Nanotechnology is a phrase used for materials and devices that operate at the nanoscale. In the metric system of measurement. "Nano" equals a billionth and therefore a nanometer is one billionth of a meter. References to nanomaterials, nanoelectronics, nano devices and nanopowders simply mean the material or activity can be measured in nanometers. To appreciate the size of a human red blood cell is over 2,000 nanometers long, virtually outside the range of nanoscale.
Nanotechnology and Nanoscience is an extension of the field of materials science and the departments of materials science in universities around the world in relation to physics, mechanical engineering, bioengineering and chemical engineering departments are leading the advances in nanotechnologies. Nanotechnology is the term used to describe the interdisciplinary fields of science devoted to the study of nanoscale phenomena employed in nanotechnology. Nano science is the world of atoms, molecules, macromolecules, quantum dots and macromolecular assemblies and is dominated by surface effects as the attraction of Van der Waals force, hydrogen bonding, electronic charge, ionic bonding, covalent bonding, hydrophobicity, hydrophilicity and quantum mechanical tunneling, to the virtual exclusion of macro scale effects such as turbulence and inertia.
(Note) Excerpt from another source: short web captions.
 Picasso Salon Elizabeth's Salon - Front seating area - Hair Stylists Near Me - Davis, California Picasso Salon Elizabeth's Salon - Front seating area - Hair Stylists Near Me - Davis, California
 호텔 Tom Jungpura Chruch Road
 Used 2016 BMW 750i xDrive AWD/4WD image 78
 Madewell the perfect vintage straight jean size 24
Despite views that Nanotechnology is a far-fetched idea with no near term applications, Nanotechnology has already established a beached in several industries. The majority of nanotechnologies commercially used today are based on nono-sized particles.
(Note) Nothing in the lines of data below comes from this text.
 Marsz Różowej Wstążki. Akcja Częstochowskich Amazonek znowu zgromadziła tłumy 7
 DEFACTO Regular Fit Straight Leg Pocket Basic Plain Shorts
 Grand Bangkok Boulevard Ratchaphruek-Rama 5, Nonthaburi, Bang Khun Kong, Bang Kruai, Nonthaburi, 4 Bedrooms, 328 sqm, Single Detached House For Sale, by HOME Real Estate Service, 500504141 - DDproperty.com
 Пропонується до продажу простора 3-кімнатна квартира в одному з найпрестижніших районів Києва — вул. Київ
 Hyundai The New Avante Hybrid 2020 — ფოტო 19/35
Nanocomposites are also watching commercial use. nanocomposite plastics are used for stronger, lighter and rust-proof car components. Toyota recently began using nanocomposites in bumpers that makes them 60% lighter and twice as resistant denting and scratching. The biomedical field isa manufacturing artificial bone composites from nanocrystalline calcium phosphates. These composites are made of the same mineral as natural bone, yet have strength in compression equal to stainless steel.
The scientific community generally credited with first recognizing the importance of nanoscale range of Noble Laureate the brilliant physicist Richard Feynman in his famous 1959 lecture "There's plenty of room at the bottom" in which he first proposed that the properties materials and devices on nanometer range present future opportunities. The term came to greater public awareness in 1986 with the publication of "Engines of Creation: the coming era of nanotechnology" by Eric Drexler.
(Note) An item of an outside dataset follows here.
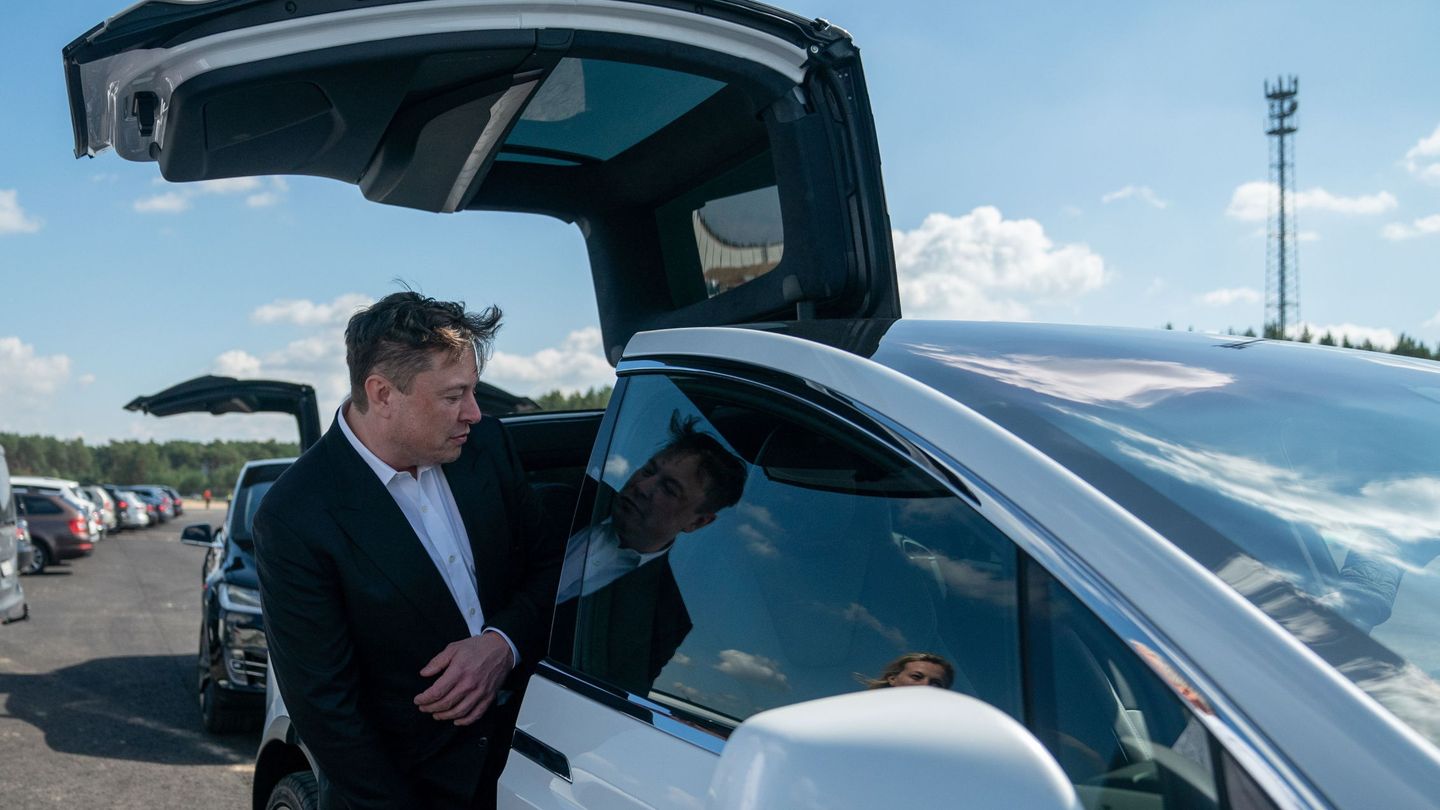 Elon Musk, subiéndose a un Tesla. (Reuters)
Nanotechnology is expected to have an impact on nearly all industries. U.S. National Science Foundation has predicted that the global nanotechnology market will reach $ 1 trillion or more within 20 years. The research community is actively pursuing hundreds of applications in nanomaterials, nanoelectronics, and bionanotechnology. Most short-term (1-5 years) applications of nanotechnology are in the form of nanomaterials. These include materials such as nanocomposites lighter and stronger, antibacterial nanoparticles and nanostructured catalysts. Scientific and nanoelectronics are more distant, perhaps 5 to 15 years, and have applications in medical and diagnostic treatments, faster computers and sensors.
Numerous articles have been published recently warning of the dangers of unregulated nanotechnologies. The great thing about them is the threat of gray goo, a substance resulting from the assumption of the dissolution of the fugitive from the land by self-replicating nanobots. While many of these concerns seem less science than science fiction, the vast scale of these materials do not present safety and the environment that must be addressed responsibly by the industry at least in the same manner as fine particles materials are currently handled under existing health conditions and safety guideline.